* [EXERCISE INPUTS]:
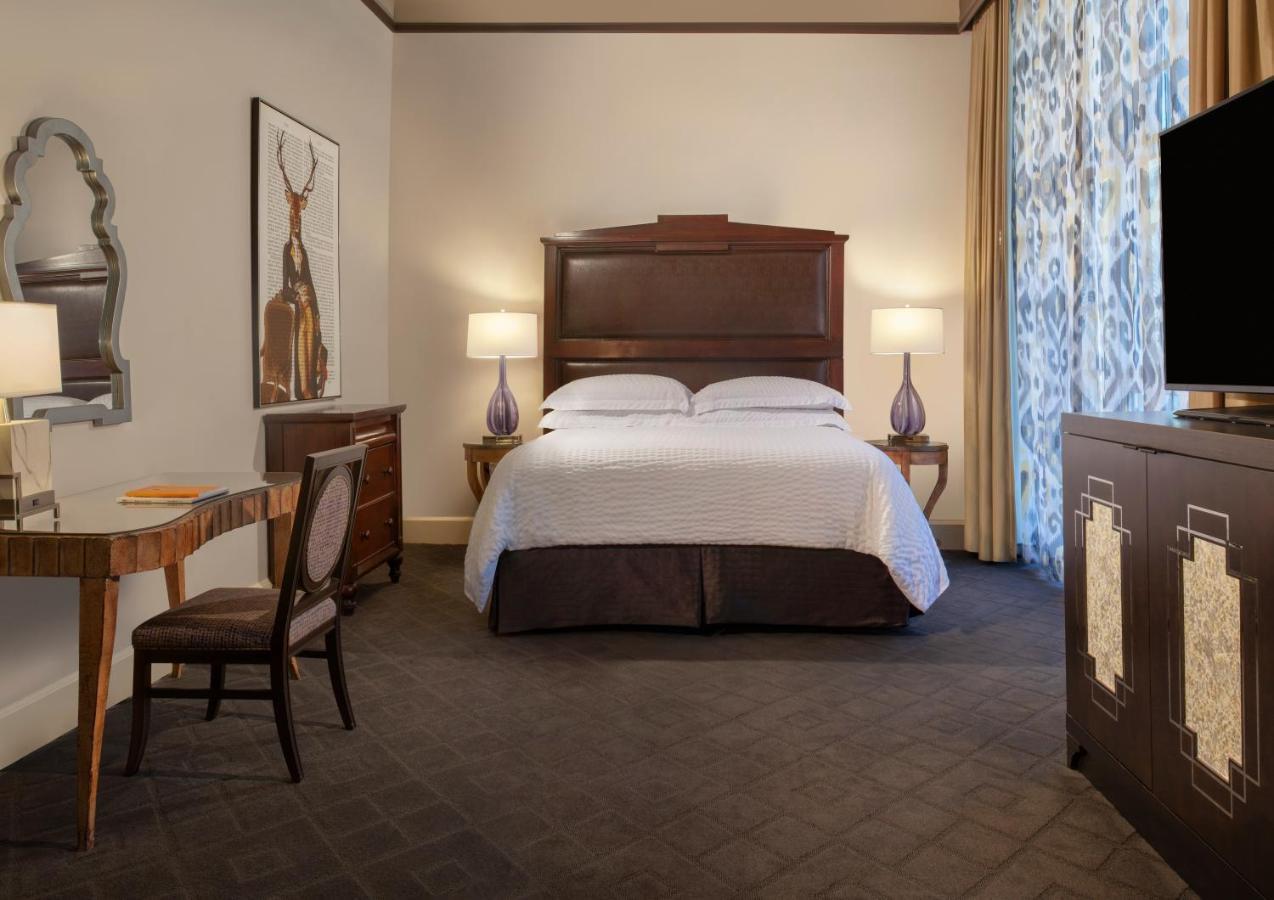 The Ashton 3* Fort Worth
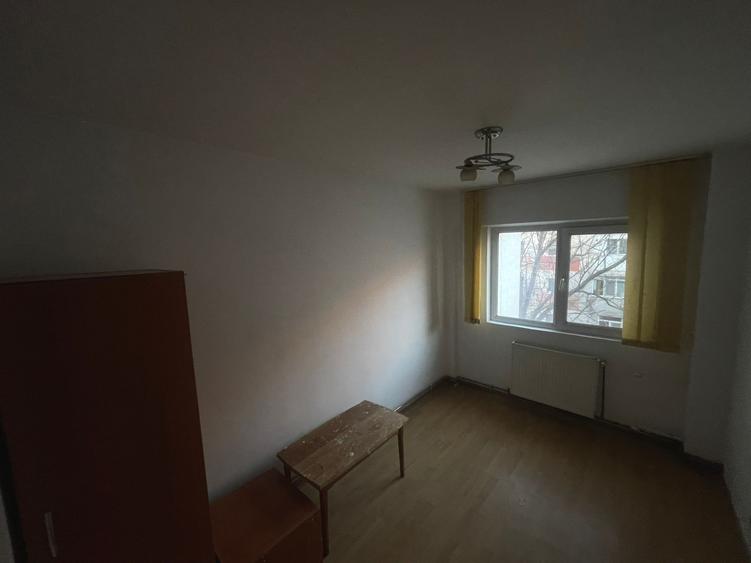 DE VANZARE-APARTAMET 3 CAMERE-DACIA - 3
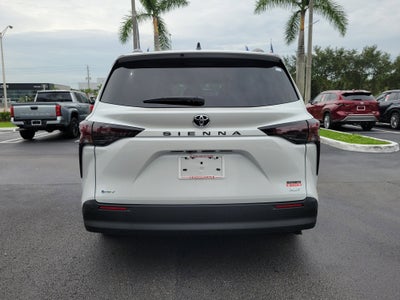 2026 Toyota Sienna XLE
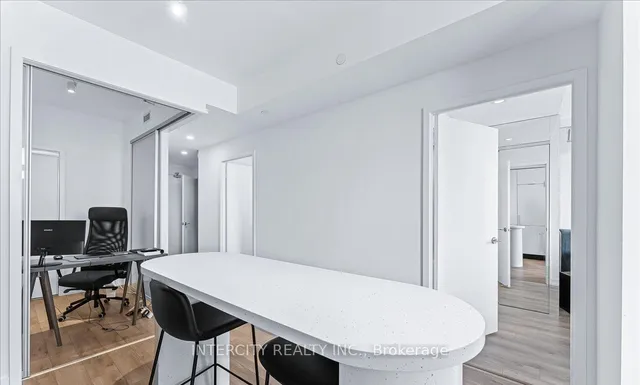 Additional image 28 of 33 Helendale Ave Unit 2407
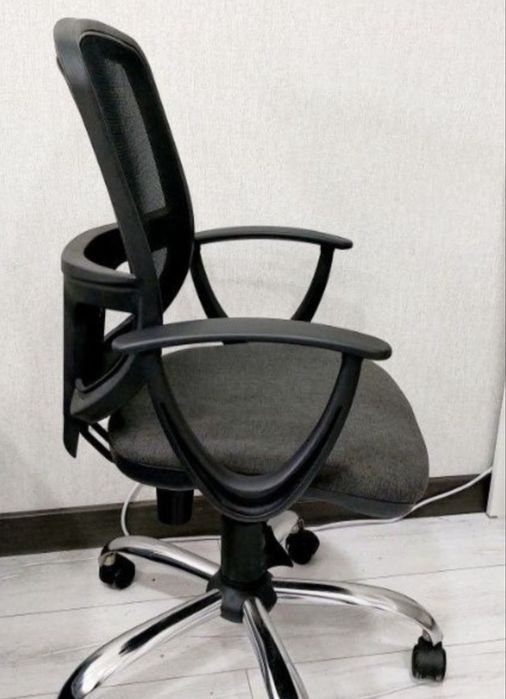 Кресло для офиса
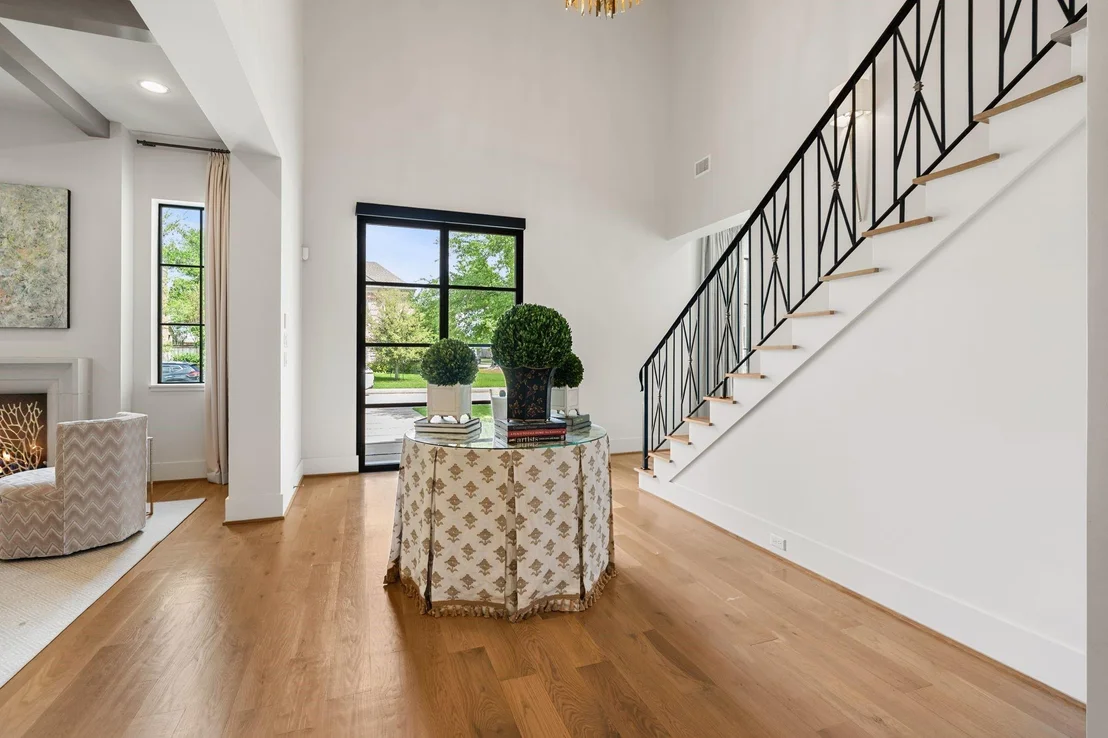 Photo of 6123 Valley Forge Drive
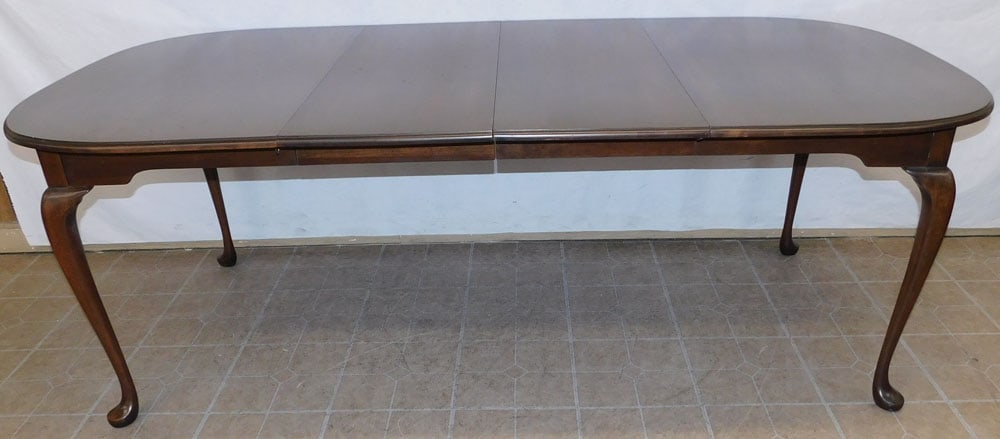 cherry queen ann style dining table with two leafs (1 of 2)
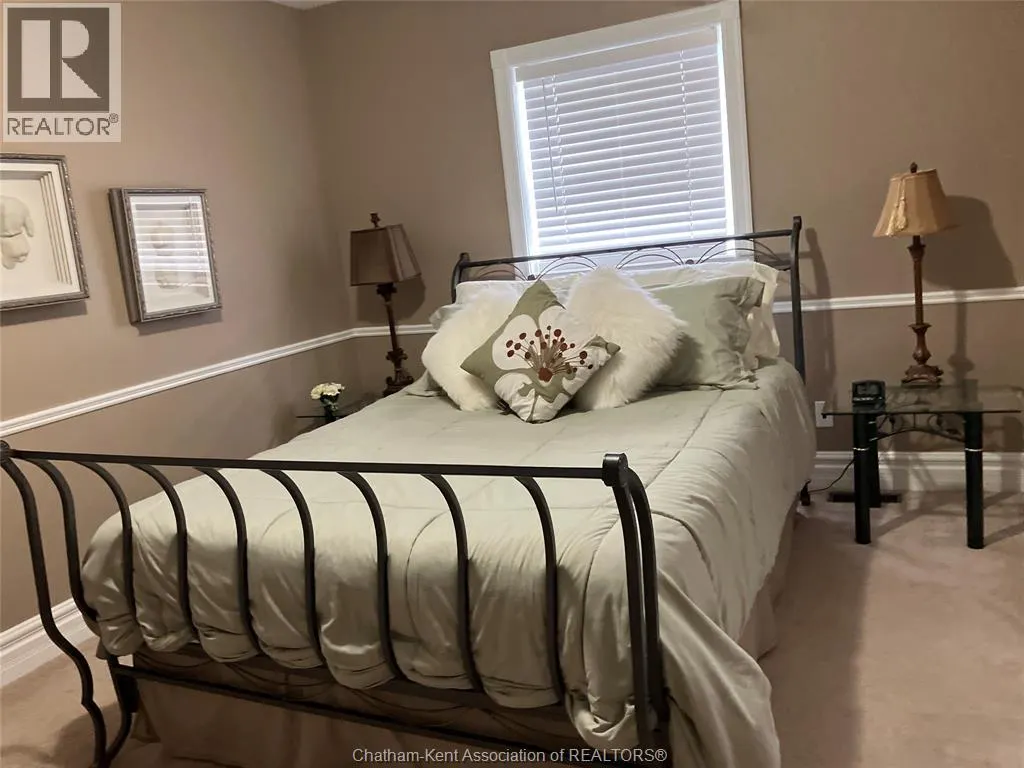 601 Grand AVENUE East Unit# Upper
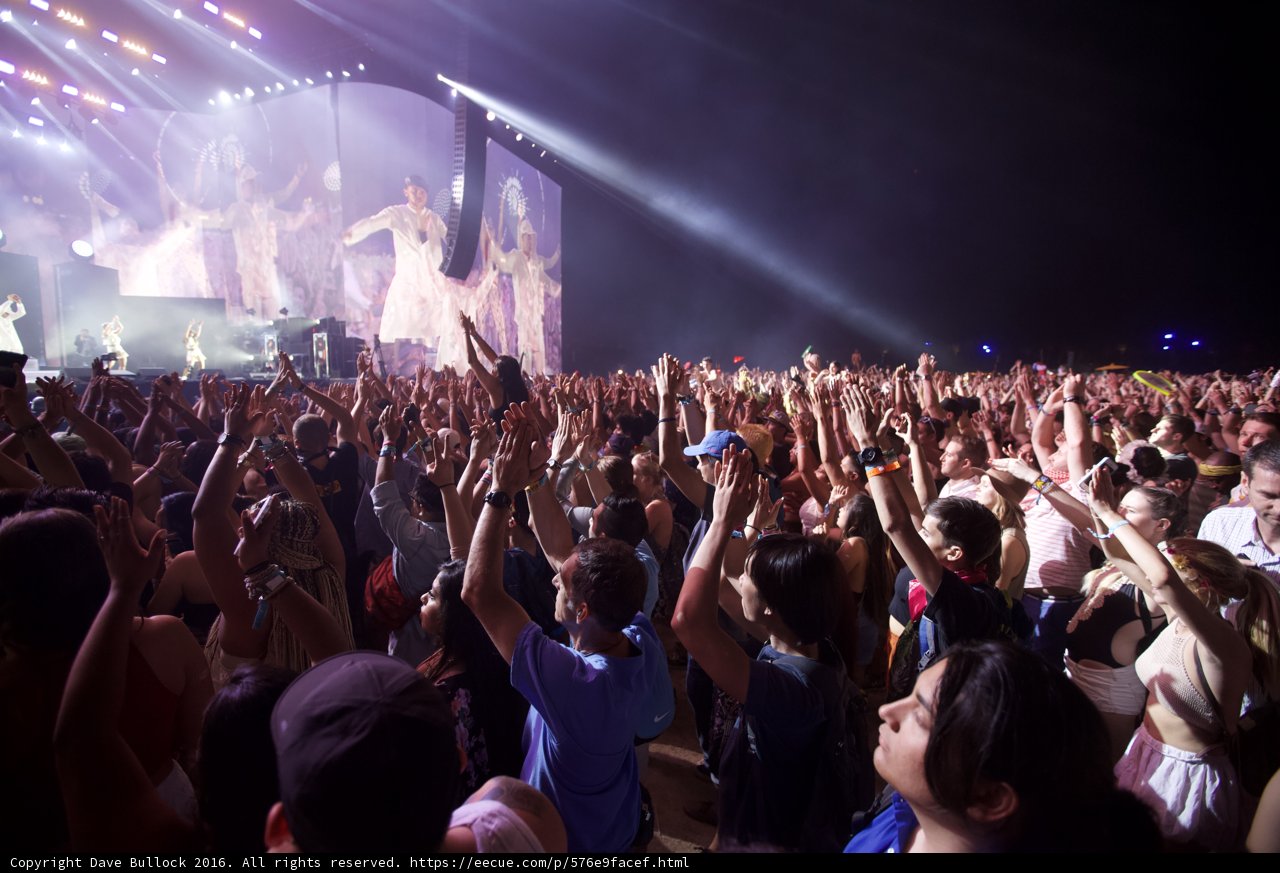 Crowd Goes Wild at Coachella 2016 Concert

* [DIRECTIONS FOR THIS TASK]:
Starting with the line that contains "2026 Toyota Sienna XLE", repeat each line exactly until the listing ends, including the last one. Leave pictures out.

* [COMPLETED TASK]:
 2026 Toyota Sienna XLE
 Additional image 28 of 33 Helendale Ave Unit 2407
 Кресло для офиса
 Photo of 6123 Valley Forge Drive
 cherry queen ann style dining table with two leafs (1 of 2)
 601 Grand AVENUE East Unit# Upper
 Crowd Goes Wild at Coachella 2016 Concert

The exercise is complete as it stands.